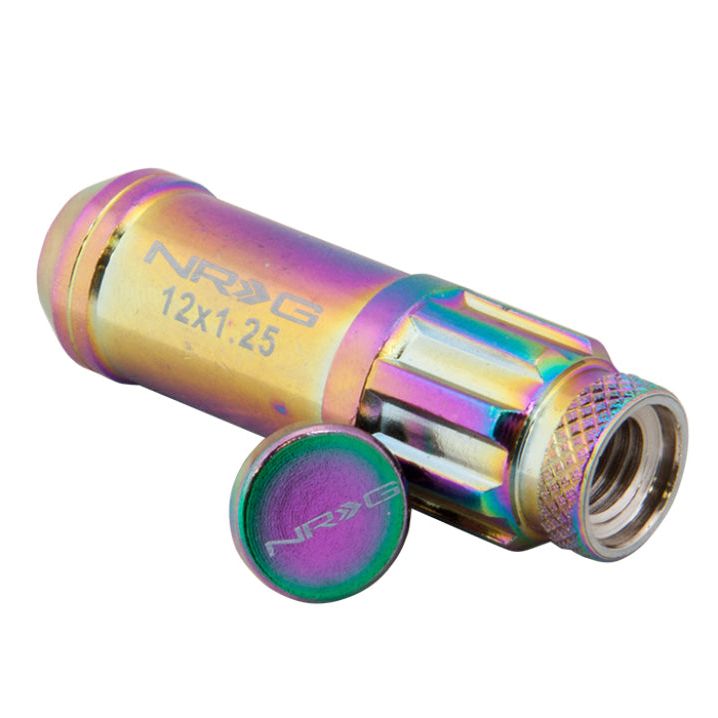 NRG LN-LS700MC-21 - NRGLN-LS700MC-21 - NRG 700 Series M12 X 1.5 Steel Lug Nut w/Dust Cap Cover Set 21 Pc w/Locks & Lock Socket - Neochrome - Shipped in Europe - Tuningsupply.com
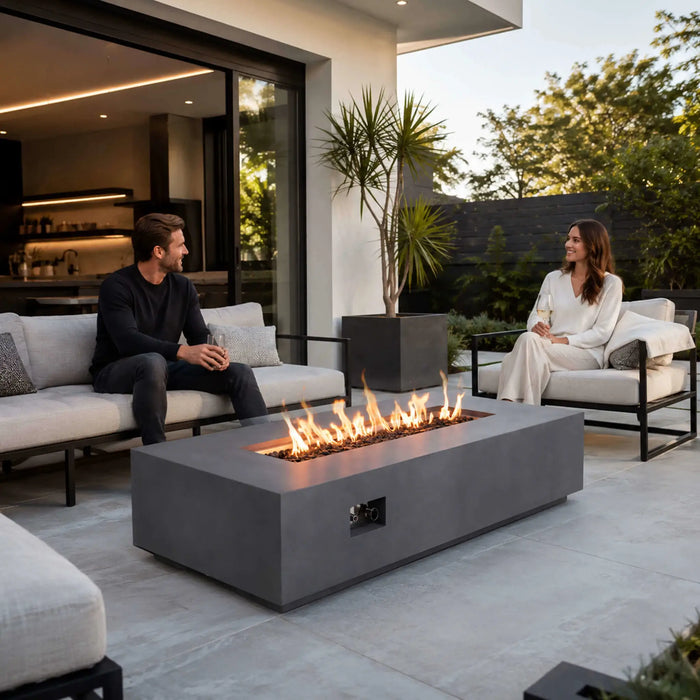 Flame Havens Refuge 68" x 30" Natural Gas Fire Pit, 15" Low Profile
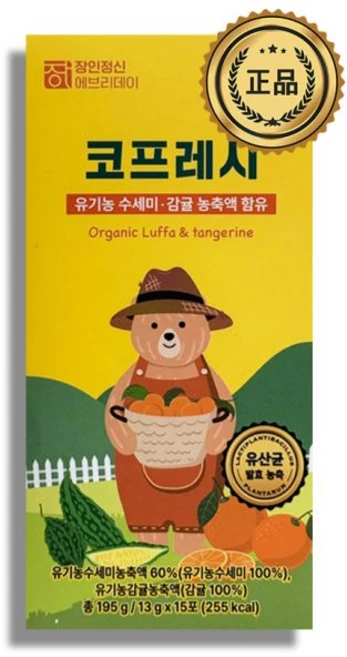 장인정신 에브리데이 코프레시 유기농 수세미즙 환절기 비염 비강 건강 어린이 성인 13g X 15포, 1개 - 쿠팡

--

Exercise brief: Each line from the one containing "Flame Havens Refuge" through the end of the listing is to be set down exactly, with all pictures left out.

Written answer:
 Flame Havens Refuge 68" x 30" Natural Gas Fire Pit, 15" Low Profile
 장인정신 에브리데이 코프레시 유기농 수세미즙 환절기 비염 비강 건강 어린이 성인 13g X 15포, 1개 - 쿠팡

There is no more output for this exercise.